Energy And Momentum Relaxation Of Hot Electrons By Acoustic Phonon Emission

Abstract

Abstract At low electron temperatures the dominant process of energy relaxation by hot electrons in semiconductors is by acoustic phonon emission. The rate of energy loss due to electromagnetic (far infra-red) radiation is absolutely tiny by comparison. At higher electron temperatures optic phonon emission takes over. The carrier temperature at which the changeover from acoustic to optic phonon emission takes place depends on the optic phonon energy. In gallium arsenide the optic phonon energy is about 36 meV and the changeover is at between 30 and 50 K (Hawker et al. 1992).
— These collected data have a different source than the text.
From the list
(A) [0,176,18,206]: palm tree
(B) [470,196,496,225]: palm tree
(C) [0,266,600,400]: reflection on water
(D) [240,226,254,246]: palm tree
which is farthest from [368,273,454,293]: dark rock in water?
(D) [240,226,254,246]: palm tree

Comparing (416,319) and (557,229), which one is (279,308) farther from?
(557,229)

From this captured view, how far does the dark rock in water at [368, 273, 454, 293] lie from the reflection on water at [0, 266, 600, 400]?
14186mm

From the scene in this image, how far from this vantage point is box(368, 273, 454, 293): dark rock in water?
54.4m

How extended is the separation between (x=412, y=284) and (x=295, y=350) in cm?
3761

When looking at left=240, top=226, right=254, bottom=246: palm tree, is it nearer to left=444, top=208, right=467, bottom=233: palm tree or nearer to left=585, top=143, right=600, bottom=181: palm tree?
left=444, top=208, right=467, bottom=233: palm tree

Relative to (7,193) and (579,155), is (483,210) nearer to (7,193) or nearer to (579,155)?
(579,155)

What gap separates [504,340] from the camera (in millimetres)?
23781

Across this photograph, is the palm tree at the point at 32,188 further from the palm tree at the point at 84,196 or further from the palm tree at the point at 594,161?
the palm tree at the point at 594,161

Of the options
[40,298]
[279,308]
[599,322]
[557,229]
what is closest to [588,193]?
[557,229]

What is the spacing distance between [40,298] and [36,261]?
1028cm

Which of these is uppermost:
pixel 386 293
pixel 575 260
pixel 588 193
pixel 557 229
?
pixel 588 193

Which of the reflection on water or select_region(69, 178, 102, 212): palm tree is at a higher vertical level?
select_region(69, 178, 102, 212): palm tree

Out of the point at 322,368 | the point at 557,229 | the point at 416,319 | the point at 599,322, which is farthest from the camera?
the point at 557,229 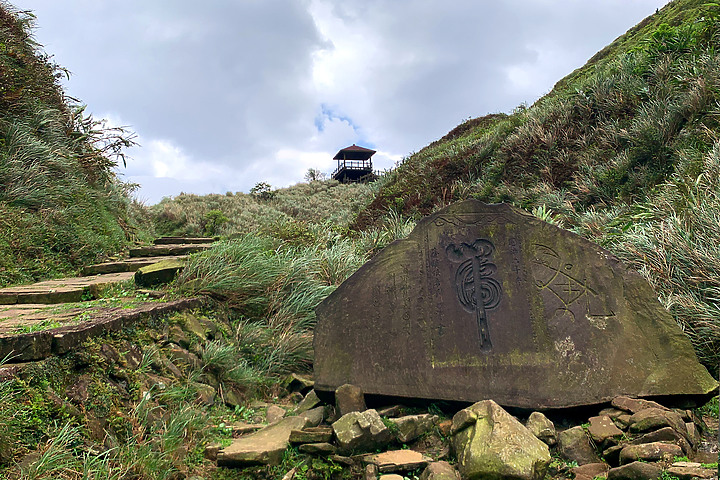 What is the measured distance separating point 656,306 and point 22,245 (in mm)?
6444

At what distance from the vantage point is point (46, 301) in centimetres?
396

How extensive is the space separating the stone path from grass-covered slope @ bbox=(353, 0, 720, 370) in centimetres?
426

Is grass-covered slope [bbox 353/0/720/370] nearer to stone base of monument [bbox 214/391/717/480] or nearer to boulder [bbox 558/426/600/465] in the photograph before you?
stone base of monument [bbox 214/391/717/480]

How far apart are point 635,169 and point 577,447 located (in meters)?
5.98

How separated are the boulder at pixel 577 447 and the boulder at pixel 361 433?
3.49 ft

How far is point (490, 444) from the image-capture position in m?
2.47

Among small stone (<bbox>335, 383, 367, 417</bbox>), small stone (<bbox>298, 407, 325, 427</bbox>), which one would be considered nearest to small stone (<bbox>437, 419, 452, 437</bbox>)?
small stone (<bbox>335, 383, 367, 417</bbox>)

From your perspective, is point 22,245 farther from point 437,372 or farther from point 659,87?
point 659,87

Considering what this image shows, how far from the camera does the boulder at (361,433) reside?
272 cm

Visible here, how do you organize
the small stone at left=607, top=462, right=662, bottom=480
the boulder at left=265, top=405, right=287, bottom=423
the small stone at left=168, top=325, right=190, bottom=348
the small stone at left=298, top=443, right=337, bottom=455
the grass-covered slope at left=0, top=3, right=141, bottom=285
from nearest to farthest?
the small stone at left=607, top=462, right=662, bottom=480 < the small stone at left=298, top=443, right=337, bottom=455 < the boulder at left=265, top=405, right=287, bottom=423 < the small stone at left=168, top=325, right=190, bottom=348 < the grass-covered slope at left=0, top=3, right=141, bottom=285

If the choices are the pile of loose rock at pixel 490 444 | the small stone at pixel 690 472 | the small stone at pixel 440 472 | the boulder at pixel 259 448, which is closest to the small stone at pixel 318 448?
the pile of loose rock at pixel 490 444

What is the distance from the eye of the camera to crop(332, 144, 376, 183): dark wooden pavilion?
32.3m

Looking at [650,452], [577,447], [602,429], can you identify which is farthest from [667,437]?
[577,447]

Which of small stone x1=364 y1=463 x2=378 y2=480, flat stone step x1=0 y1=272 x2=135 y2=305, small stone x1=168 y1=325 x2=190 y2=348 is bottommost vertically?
small stone x1=364 y1=463 x2=378 y2=480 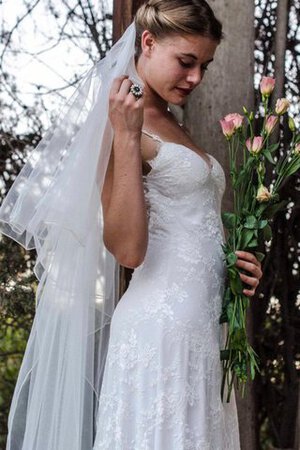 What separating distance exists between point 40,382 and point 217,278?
0.56 meters

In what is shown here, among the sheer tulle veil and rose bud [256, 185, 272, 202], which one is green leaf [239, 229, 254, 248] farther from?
the sheer tulle veil

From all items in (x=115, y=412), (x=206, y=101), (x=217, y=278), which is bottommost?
(x=115, y=412)

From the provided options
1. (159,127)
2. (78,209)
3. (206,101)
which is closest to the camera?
(78,209)

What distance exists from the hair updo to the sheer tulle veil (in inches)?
2.8

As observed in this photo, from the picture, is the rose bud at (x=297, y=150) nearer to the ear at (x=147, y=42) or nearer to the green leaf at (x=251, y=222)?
the green leaf at (x=251, y=222)

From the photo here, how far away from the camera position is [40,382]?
2.42 metres

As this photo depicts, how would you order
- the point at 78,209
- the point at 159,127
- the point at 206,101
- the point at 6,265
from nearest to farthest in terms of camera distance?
the point at 78,209, the point at 159,127, the point at 206,101, the point at 6,265

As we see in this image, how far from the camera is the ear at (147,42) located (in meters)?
2.43

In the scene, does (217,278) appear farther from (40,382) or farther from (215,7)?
(215,7)

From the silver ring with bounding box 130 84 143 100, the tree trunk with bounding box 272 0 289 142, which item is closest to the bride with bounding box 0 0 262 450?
the silver ring with bounding box 130 84 143 100

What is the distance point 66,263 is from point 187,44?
26.5 inches

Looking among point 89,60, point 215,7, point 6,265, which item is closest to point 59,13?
point 89,60

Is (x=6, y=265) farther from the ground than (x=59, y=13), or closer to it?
closer to it

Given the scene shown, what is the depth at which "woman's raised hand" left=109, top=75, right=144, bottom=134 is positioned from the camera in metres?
2.19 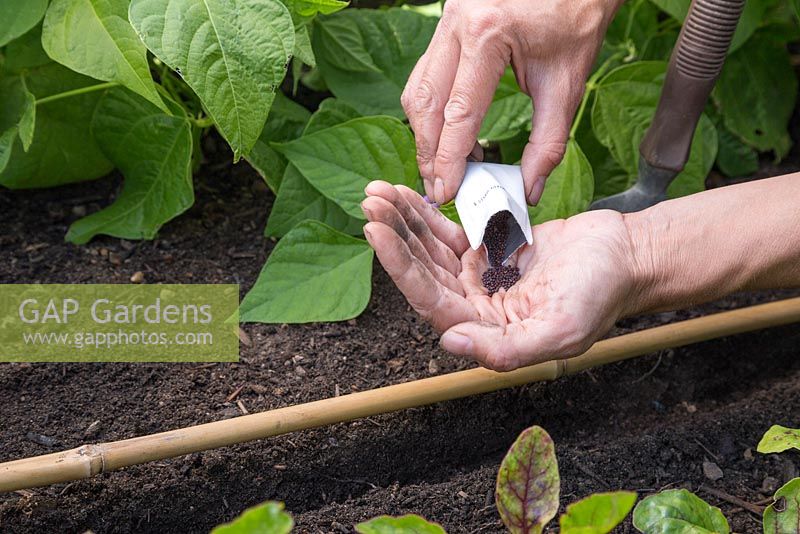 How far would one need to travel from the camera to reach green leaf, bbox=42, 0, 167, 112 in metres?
1.23

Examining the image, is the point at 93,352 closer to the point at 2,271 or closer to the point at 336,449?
the point at 2,271

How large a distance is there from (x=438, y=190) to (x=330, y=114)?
0.39 meters

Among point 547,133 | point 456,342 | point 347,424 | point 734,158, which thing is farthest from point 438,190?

In gallium nitride, which has a much larger optic phonon energy( 100 meV), the changeover is expected to occur at a higher temperature. At room temperature optic phonon emission is dominant. This is due to an exponential dependence of the optic phonon emission rate on carrier temperature, while the energy relaxation rate through acoustic phonon emission saturates because emission of large wave vector (high-energy) acoustic phonons is forbidden by momentum conservation considerations. This effect is particularly important in low-dimensional electron systems, in which the reduction of phase space for electron scattering can significantly suppress the energy relaxation by acoustic phonon emission.